Lucene Summit: Elsevier
Art was kind enough to let me attend a Lucene Summit he was having in Windsor and since it was close I went ahead and attended. The summit started with some brief introductions of some of the problems Knowledge Ontario (the organizer) is having with some of their digital search projects. Most were using Lucene for their full text indexing and the talk revolved around related problems and products that seem to make things easier (Flamenco, Solr, etc.)

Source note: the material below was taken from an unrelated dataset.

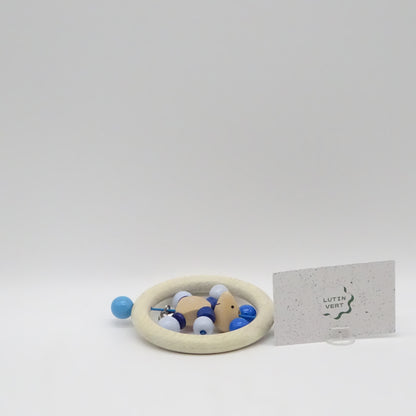 hochet souris bleu bois SANS MARQUE - Dès 6 mois | Ref 15980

Elsevier, University of Toronto and Scopus
The first real session was hosted by some of Elsevier’s skunkworks developers. It was really nice to see that a vendor like Elsevier has a developer group (although small) that gets into the quick prototyping and idea generation stuff. This presentation was on the adaption of Scopus to include local results. Here are some highlights:
- Project focused on distributed search, mixed content types and adaption of the scopus UI
- Looked at various search engines including Mark Logic (xmldb) but settled on Lucene due to it's low overhead and other advantages. Since it was open-source they were able to modify quite a few things to work how they wanted
- The distributed indexes included local index (done by the university) and the scopus index (done by elsevier). This allowed Elsevier to stay out of the local process and allow the university to take care of it. Even with servers in Toronto and Ohio, latency was low
- They added extended boolean. The query parser would move outwards from any boolean word found to hopefully parse it better. The example given is a user typing "Boston Red Sox and Toronto Blue Jays" (without quotes) likely did not want their query to be Sox and Toronto.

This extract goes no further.